Yeah, okay. I’ve just put you on the spot here. Actually, suppose we have gotten down to where we’re pretty sure we got a list of five. And maybe we’d like to know which three are the ones to really push. Do you have a cross-sight? Is there the first place you would go to try and test that? I guess it depends on where people are entering the site. But do go to pages and elements where it’s a good fit for trying to learn that kind of information from the experiment. Which value proposition? Which bullet points?

AJ Davis 13:16

Yeah, I think that are two places I like to test it: Initially would be on the homepage under the hero, “Hey, you’ve already told them what you sell,” so if they stick around, they’re hooked to it. And then having a very short banner. So it’s not, it’s just one icon tall so that it’s not blocking them from scrolling the page or seeing other elements. But that’s a good place to say, “We offer free shipping, and it’s made in the US and you get free returns.” Those are all very customer-centric things too. I would actually back up a little bit and say, one of the mistakes I see is that brands like to talk about”we do this, we have this” and customers may care about that. But if you can switch it into words that matter to them, you’re going to be more successful, because they care about the impact on them. They don’t care that you’re going to ship it out in two days, they’re going to care that they get it in five days. So thinking about it from that perspective of what they need to hear it’s important to them.

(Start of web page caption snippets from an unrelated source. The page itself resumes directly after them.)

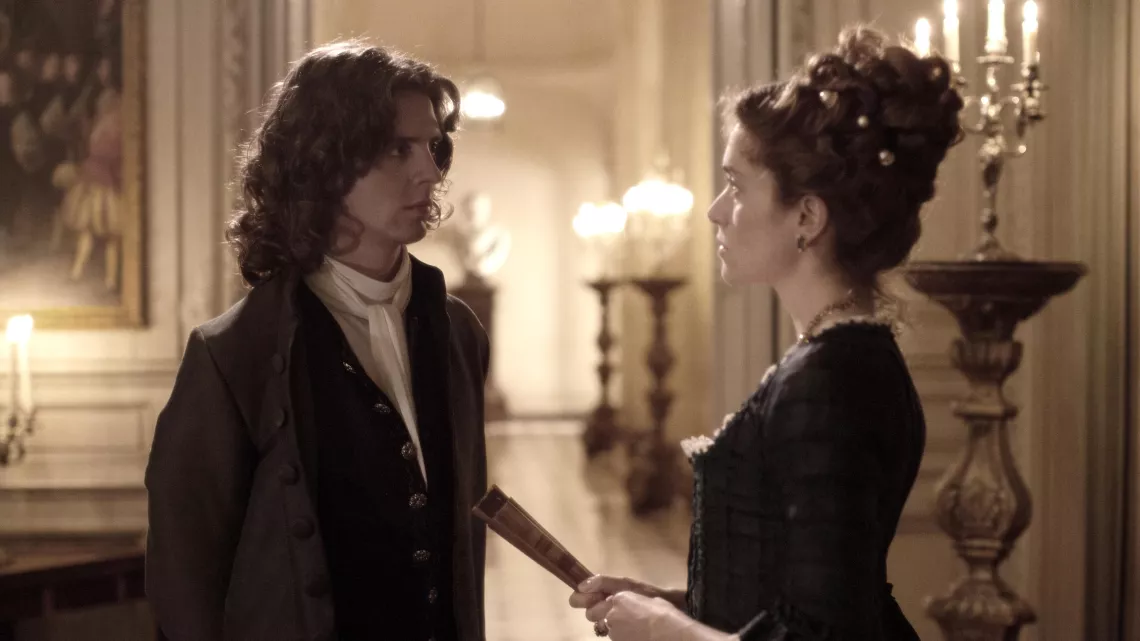 Thomas SOLIVERES (Voltaire), Maud WYLER ( Duchesse DU MAINE )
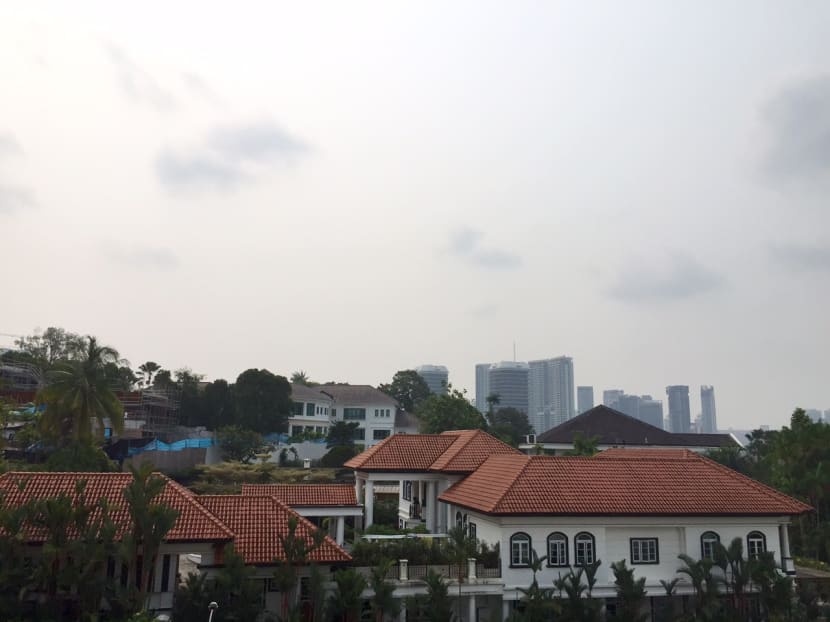 Haze as seen in Thomson area on Sept 11, 2015. Photo: Khairul Amri/TODAY Haze as seen in Thomson area on Sept 11, 2015. Photo: Khairul Amri/TODAY
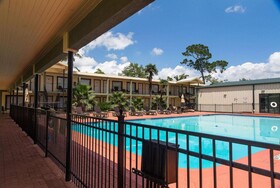 Ramada by Wyndham Houston Intercontinental Airport East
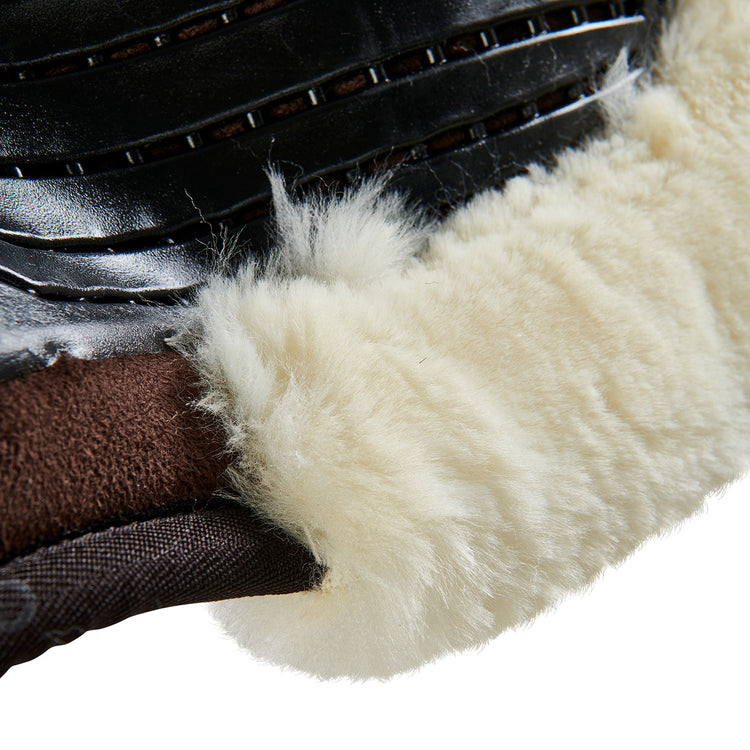 Faux sheepskin half pad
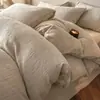 Juego de Ropa de Cama Grueso Tallado de Leche de Cuatro Piezas para Otoño e Invierno Sábana Cálida Funda Nórdica Faldón de Cama Dormitorio Principal Sencillo con Sensación de Alta Gama Ropa de Cama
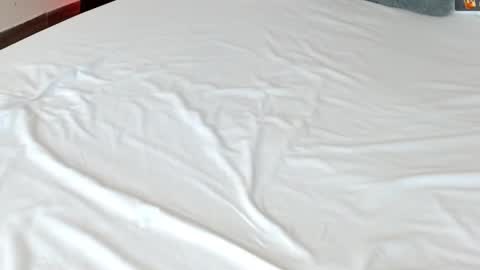 Snapshot of leonacutecam chatting on 02-13-25, 12:02 LUCY online show from 02-13-25, 12:02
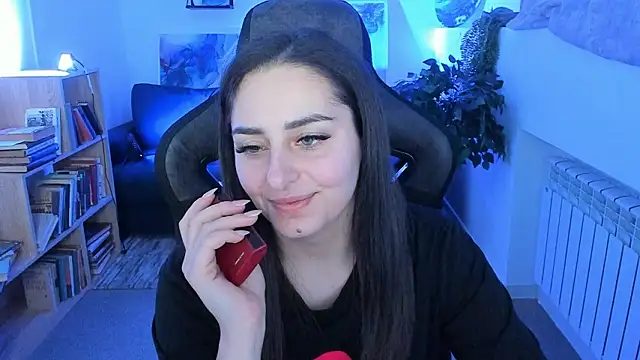 Snapshot of ValeriiMills chatting on March 1, 2:41 pm ValeriiMills online show from March 1, 2:41 pm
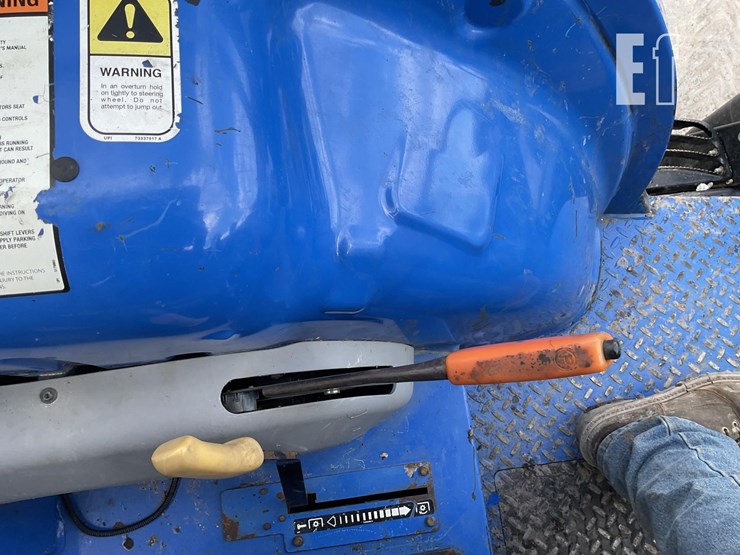 2018-new-holland-ts6.110-image-11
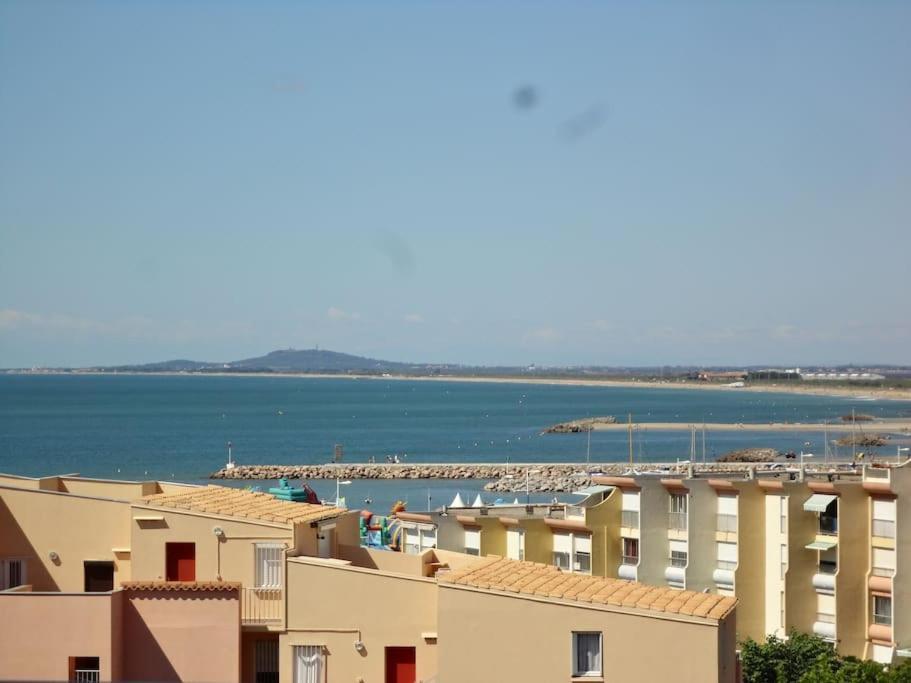 Un Sejour A Sete Apartment Exterior foto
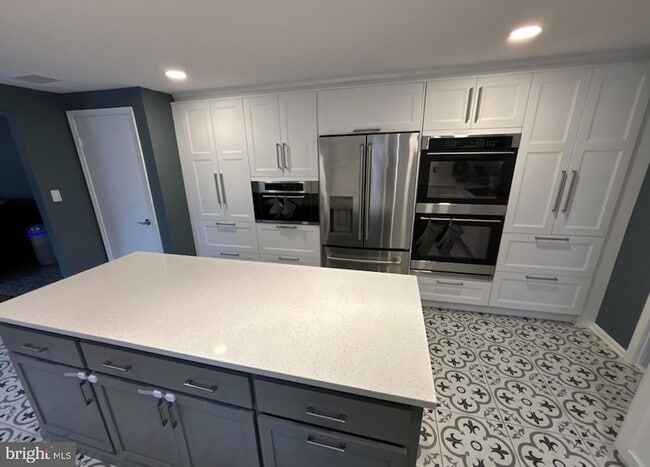 7000 Old Cabin Ln in Rockville, MD - Building Photo - Building Photo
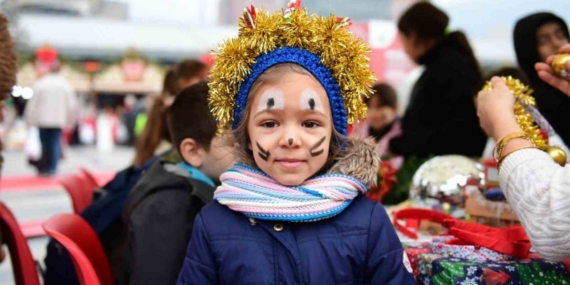 Yeni Yıl Festivali Osmangazi Meydanı’nda yoğun ilgi görüyor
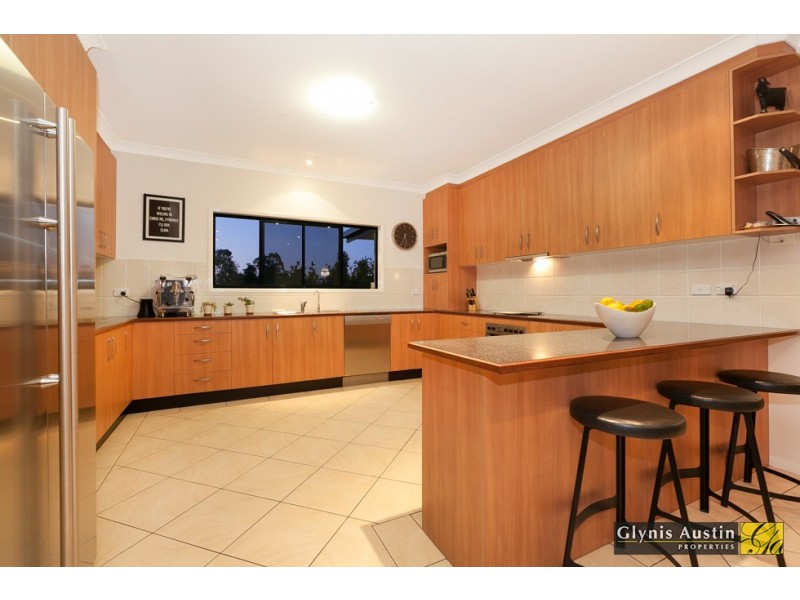 53 Kays Road, The Gap QLD 4061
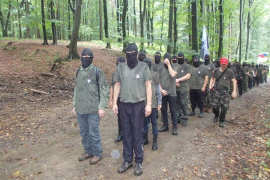 Skandal u Sloveniji: Naoružani i maskirani ljudi pripremaju se za ...
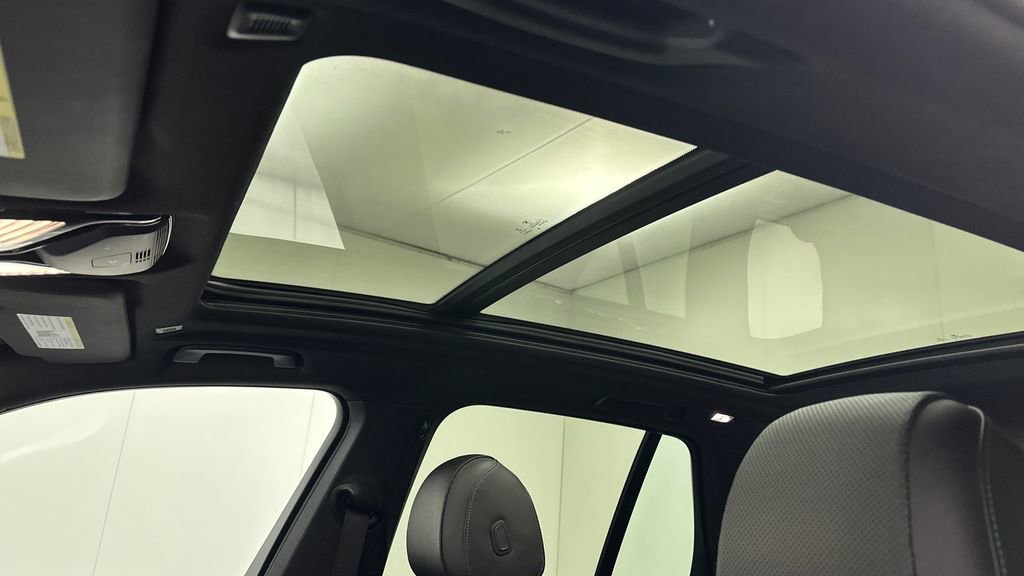 Used 2023 BMW X5 xDrive40i w/ Climate Comfort Package image 17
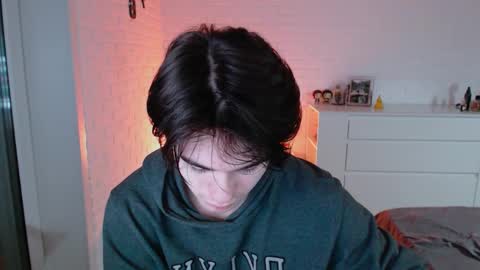 charleshanson69 online show from 11-03-25, 04:41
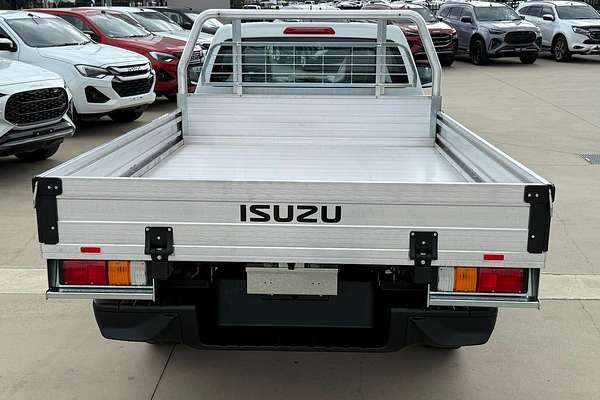 2025 Isuzu D-MAX SX High Ride Rear Wheel Drive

The second place that I would put it in addition to the homepage, if I were just running off the cuff, a test for this would be under the Add to Cart button on the product page. Because those types of values are going to help nudge them to go, Okay, I like this product, but do I feel competent about this business? Okay, I see that they do have some of these values that matter to me. And so that can help nudge people to make that commitment to add it to the cart.

Brian 14:39

Okay, that’s good. I think that’s really great, like helpful tactical advice. If anyone is listening, watching, and they realize, “Oh!, This is me,” I’ve got this long bloated story about how amazing my brand is on my category page. That’s something to look at, and maybe kind of company-centric versus value to the customer-centric Language. These are places you can go, and you can try to distill your bullet points. That’s the hard part but then these are places where typically you’re going to have enough impact on the experience, I guess that you’ll be able to measure the effect of swapping out and landing, whatever is optimal. So super helpful, I guess I want to ask, I know you do this stuff all the time, and you’ve run tons of experiments. And so it sounds like this maybe wasn’t a shocking result to you at this point. But I still want to ask it, this particular experiment on the category page with shrinking the hero, and learning that nobody cared. And if anything, it helps to take that stuff away. Did this change or influence how you approach what you do moving forward?

AJ Davis 15:44

I think the surprise for me in this was that people didn’t really interact with the Learn More. So we had a hypothesis that some portion of people would maybe not be certain and want to read about the specific features of the “leggings” that they were looking at, for example, and at the end of the day, like the fact that I think it was less than one and a half percent of people interacted with it. And then that segment didn’t have any differences in their order outcome just indicating that this wasn’t the right place to have this type of content.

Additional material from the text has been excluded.